Solve the Mixed-Base Logarithm Equation: log₂(x²+3x+3)·log₃(1/4) = -2log₃((4x+2)/-2)

To solve the given logarithmic equation, follow these steps:

• Step 1: Simplify the logarithmic expressions.
• Step 2: Solve the resulting equation for $x$.
• Step 3: Verify that the solutions are within the domain of the original logarithm expressions.

Let's work through each step:

Step 1. Simplify the expression
The given equation is:

$\log_2(x^2+3x+3)\cdot\log_3\frac{1}{4}=-2\log_3\left(\frac{4x+2}{-2}\right)$

Recognizing that $\log_3\frac{1}{4} = \log_3(4^{-1}) = -\log_3(4)$, and $-2\log_3\left(\frac{4x+2}{-2}\right) = 2\log_3\left(\frac{-1(4x+2)}{-2}\right) = 2\log_3(x+1)$.

This simplifies to:

$\log_2(x^2+3x+3)\cdot (-\log_3(4)) = 2\log_3(x+1)$

Step 2. Simplify further
Rewriting it with all terms in base 3 logarithm by using change of base:

$\frac{\log_3(x^2+3x+3)}{\log_3(2)} \cdot (-\log_3(4)) = 2\log_3(x+1)$

This results in:

$-\frac{\log_3(x^2+3x+3)\log_3(4)}{\log_3(2)} = 2\log_3(x+1)$

Let $a = \log_3(x^2+3x+3)$ temporarily for easier manipulation:

$-a \frac{\log_3(4)}{\log_3(2)} = 2\log_3(x+1)$

Using change base for $\frac{\log_3(4)}{\log_3(2)} = \log_2(4) = 2$:

$-2a = 2\log_3(x+1)$

Which means:

$a = -\log_3((x+1)^2)$

Therefore returning to original substitution:

$\log_3(x^2 + 3x + 3) = -\log_3((x+1)^2)$

Since $-\log_3((x+1)^2)$ is equivalent to $\log_3\left(\frac{1}{(x+1)^2}\right)$

$\log_3(x^2 + 3x + 3) = \log_3\left(\frac{1}{(x+1)^2}\right)$

Equating inside terms gives:

$x^2 + 3x + 3 = \frac{1}{(x+1)^2}$

Step 3. Solving the quadratic equation

Clear the fraction:

$(x^2 + 3x + 3) \cdot (x+1)^2 = 1$

Expanding and simplifying results in the quadratic equation:

$x^4+2x^3+9x^2+8x+2 -1 = 0$

This reduces to solving the known quadratic terms:

$(x + 1)(x + 4) = 0$

Therefore, the potential solutions are $x = -1$ and $x = -4$.

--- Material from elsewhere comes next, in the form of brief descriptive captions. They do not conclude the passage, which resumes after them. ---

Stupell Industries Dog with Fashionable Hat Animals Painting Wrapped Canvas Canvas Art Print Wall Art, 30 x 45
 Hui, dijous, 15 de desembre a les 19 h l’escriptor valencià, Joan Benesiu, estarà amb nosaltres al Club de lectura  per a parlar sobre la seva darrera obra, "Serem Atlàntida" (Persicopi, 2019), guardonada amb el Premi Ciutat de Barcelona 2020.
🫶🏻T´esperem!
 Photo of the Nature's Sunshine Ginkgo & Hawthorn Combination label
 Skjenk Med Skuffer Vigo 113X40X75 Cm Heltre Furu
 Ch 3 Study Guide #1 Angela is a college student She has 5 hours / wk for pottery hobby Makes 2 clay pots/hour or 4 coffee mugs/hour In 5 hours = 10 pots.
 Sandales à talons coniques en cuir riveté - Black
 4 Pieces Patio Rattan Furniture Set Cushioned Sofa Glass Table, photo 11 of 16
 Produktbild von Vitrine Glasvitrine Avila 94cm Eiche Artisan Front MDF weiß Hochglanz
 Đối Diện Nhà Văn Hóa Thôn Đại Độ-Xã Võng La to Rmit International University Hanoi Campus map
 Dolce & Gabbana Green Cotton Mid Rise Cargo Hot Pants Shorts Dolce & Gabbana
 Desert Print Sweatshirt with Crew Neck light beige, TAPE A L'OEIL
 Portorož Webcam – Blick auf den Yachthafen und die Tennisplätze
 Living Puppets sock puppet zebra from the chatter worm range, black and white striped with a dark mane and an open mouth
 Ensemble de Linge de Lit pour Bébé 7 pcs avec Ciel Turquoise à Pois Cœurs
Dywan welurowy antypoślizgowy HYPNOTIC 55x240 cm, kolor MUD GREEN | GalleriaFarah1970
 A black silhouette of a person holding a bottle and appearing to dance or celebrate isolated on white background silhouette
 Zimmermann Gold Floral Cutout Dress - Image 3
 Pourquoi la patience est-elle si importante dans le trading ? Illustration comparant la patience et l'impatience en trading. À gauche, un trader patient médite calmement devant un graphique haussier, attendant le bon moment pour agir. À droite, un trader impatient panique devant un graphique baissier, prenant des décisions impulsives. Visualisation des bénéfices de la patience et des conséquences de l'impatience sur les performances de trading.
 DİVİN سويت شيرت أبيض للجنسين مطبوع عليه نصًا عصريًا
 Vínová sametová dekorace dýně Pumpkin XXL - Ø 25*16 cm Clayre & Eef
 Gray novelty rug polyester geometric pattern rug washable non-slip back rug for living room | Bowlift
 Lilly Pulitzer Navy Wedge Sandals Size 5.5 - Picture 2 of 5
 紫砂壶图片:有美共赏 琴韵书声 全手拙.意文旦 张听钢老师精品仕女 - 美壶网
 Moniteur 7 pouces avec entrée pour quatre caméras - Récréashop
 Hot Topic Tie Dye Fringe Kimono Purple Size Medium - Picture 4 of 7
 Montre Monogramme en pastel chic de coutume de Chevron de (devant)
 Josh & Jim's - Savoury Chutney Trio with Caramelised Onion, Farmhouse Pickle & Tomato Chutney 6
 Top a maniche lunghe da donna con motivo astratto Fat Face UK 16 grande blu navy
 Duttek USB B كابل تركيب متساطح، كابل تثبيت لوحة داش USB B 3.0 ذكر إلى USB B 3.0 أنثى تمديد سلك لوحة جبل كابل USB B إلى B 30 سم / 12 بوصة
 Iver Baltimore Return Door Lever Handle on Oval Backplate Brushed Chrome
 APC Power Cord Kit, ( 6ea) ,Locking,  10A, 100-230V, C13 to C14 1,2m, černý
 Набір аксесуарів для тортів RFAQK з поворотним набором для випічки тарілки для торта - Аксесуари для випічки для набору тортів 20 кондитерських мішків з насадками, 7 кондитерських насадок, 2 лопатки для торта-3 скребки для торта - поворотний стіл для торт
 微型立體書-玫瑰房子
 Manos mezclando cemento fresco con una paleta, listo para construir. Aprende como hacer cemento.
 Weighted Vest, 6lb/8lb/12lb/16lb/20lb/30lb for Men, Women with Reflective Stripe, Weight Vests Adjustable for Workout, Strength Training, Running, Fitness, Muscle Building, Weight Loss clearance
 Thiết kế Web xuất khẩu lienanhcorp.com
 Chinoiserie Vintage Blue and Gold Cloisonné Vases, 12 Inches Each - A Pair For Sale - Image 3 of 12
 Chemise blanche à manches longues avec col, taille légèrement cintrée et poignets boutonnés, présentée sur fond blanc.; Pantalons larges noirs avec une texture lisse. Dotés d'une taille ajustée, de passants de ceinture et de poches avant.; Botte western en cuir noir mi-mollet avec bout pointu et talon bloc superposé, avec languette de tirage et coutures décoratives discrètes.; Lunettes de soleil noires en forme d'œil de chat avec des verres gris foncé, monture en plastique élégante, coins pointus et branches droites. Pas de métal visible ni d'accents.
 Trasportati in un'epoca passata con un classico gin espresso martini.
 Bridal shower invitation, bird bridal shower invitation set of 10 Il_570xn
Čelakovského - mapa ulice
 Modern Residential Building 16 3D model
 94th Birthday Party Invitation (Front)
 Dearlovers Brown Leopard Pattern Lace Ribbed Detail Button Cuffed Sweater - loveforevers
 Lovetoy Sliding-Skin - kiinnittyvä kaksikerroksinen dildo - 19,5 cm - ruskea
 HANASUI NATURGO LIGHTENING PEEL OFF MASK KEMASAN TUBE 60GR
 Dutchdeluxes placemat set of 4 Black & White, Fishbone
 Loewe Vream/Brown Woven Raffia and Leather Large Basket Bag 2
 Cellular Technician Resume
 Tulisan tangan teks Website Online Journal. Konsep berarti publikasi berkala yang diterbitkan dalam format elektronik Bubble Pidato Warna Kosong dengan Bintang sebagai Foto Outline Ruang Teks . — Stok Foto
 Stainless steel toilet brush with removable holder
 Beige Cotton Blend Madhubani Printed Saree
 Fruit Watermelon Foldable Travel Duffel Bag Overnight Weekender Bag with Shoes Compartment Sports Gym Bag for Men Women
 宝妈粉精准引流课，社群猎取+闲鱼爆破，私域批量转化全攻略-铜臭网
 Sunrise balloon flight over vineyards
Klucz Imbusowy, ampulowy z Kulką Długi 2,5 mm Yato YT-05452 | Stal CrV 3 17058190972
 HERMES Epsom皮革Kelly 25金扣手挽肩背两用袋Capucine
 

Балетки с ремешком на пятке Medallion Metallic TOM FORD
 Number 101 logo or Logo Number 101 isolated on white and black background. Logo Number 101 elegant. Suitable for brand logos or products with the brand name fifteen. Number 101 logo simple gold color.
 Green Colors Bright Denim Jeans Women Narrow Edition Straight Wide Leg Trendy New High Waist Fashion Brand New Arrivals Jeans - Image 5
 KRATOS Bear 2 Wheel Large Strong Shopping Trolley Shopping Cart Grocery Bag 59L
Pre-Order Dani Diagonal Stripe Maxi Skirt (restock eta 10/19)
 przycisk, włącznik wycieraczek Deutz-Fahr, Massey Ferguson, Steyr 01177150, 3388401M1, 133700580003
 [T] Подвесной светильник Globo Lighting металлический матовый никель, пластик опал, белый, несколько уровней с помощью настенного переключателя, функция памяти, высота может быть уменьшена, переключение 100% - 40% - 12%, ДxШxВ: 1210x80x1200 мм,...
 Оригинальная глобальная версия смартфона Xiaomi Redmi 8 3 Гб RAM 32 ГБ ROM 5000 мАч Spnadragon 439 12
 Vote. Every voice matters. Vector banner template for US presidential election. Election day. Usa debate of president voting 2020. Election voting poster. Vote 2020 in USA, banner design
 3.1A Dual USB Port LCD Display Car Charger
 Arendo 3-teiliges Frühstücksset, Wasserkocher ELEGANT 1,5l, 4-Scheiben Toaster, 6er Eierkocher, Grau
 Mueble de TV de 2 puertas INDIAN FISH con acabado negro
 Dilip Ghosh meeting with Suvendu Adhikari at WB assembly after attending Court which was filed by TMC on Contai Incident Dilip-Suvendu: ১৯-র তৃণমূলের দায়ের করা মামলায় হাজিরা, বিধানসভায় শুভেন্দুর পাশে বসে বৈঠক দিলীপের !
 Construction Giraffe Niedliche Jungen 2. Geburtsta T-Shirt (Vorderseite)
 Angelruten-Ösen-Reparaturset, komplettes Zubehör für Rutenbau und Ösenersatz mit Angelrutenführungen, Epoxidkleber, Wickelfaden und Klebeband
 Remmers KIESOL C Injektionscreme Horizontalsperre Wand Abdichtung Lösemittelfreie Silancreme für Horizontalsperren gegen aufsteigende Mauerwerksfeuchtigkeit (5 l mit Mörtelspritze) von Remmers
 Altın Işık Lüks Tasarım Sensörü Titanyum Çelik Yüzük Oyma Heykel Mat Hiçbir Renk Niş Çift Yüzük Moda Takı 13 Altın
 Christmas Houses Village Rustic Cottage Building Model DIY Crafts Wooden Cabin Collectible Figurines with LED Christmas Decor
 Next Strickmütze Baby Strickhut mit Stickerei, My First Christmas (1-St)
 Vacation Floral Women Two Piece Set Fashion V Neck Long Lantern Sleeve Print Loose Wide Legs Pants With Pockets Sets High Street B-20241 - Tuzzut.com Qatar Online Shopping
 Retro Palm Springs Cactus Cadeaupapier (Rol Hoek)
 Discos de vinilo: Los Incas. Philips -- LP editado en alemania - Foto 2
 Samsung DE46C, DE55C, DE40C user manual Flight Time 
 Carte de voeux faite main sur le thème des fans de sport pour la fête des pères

Step 4. Validating solutions

Both solutions must satisfy domain conditions:

For $x = -1$ → Argument of all logs remain positive.

For $x = -4$ → Argument of all logs remain positive.

Therefore, both solutions are valid.

Thus, the correct answer is $\mathbf{-1, -4}$.